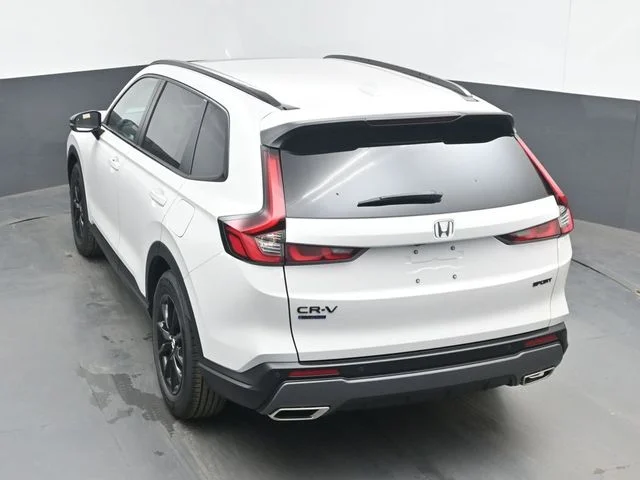 New 2026 Platinum White Pearl Honda 2WD Sport-L Hybrid image 40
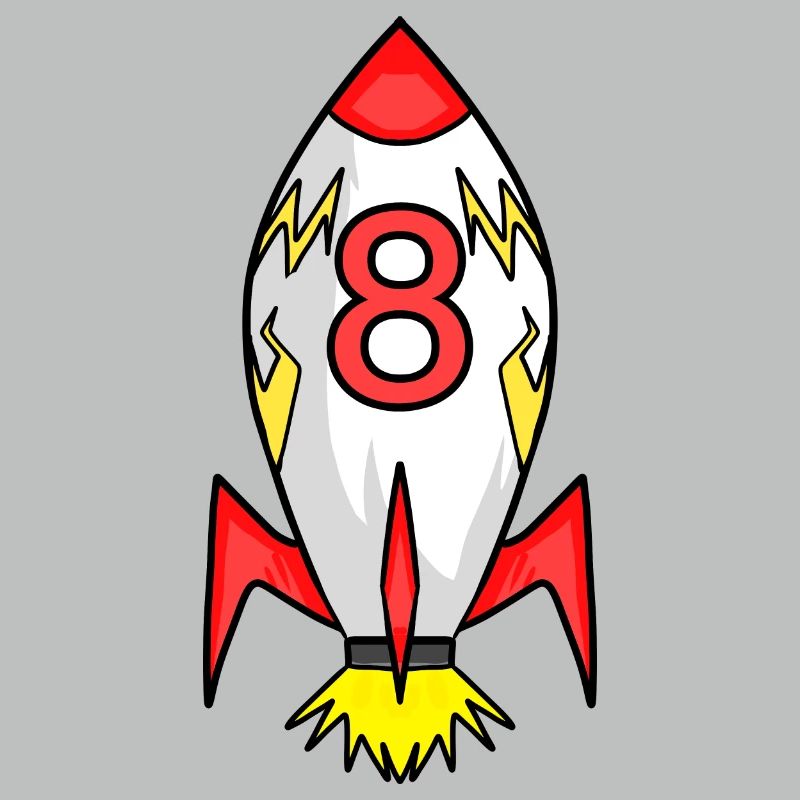 Rocket 8 ans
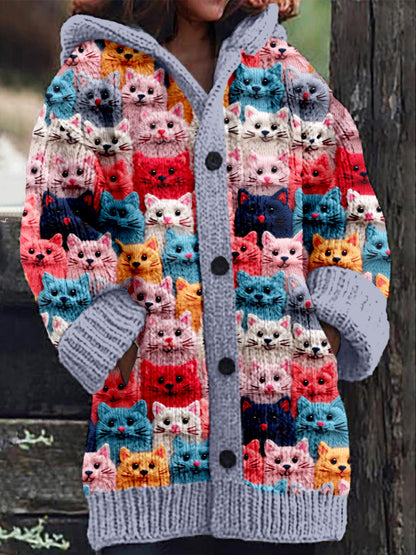 Daisy Cheerful Cardigan for a Playful and Cozy Look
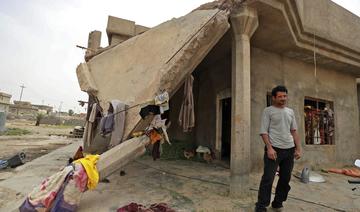 Dans le nord de l'Irak, la reconstruction à la peine, huit ans après l'EI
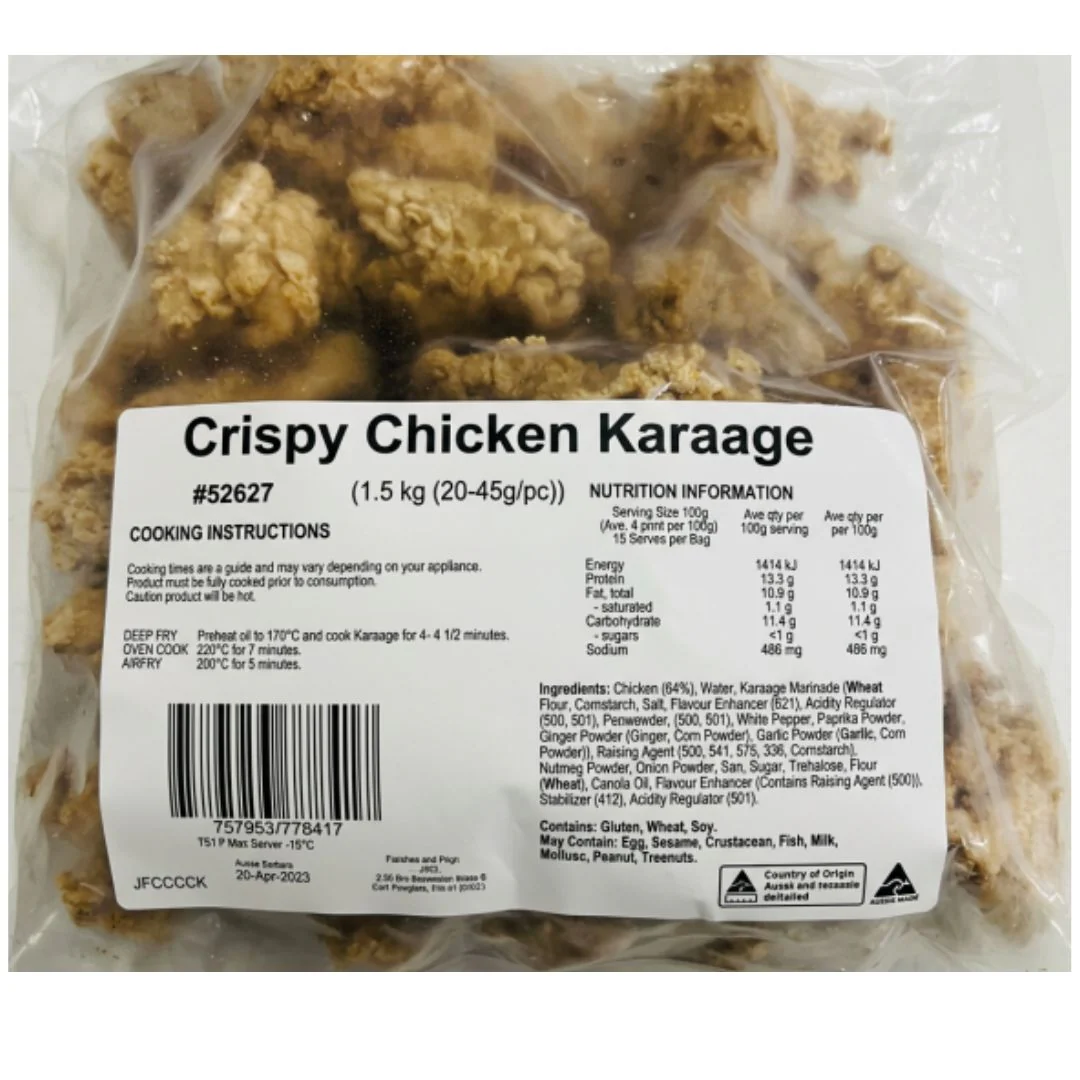 [SYD]Crispy Chicken Karaage 1.5kg - Image 4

☆ ☆ ☆ ☆ ☆ ☆ ☆

YOUR TASK:
Without the pictures, reproduce every line of the records above exactly.

SOLUTION FOR THIS PROBLEM:
 New 2026 Platinum White Pearl Honda 2WD Sport-L Hybrid image 40
 Rocket 8 ans
 Daisy Cheerful Cardigan for a Playful and Cozy Look
 Dans le nord de l'Irak, la reconstruction à la peine, huit ans après l'EI
 [SYD]Crispy Chicken Karaage 1.5kg - Image 4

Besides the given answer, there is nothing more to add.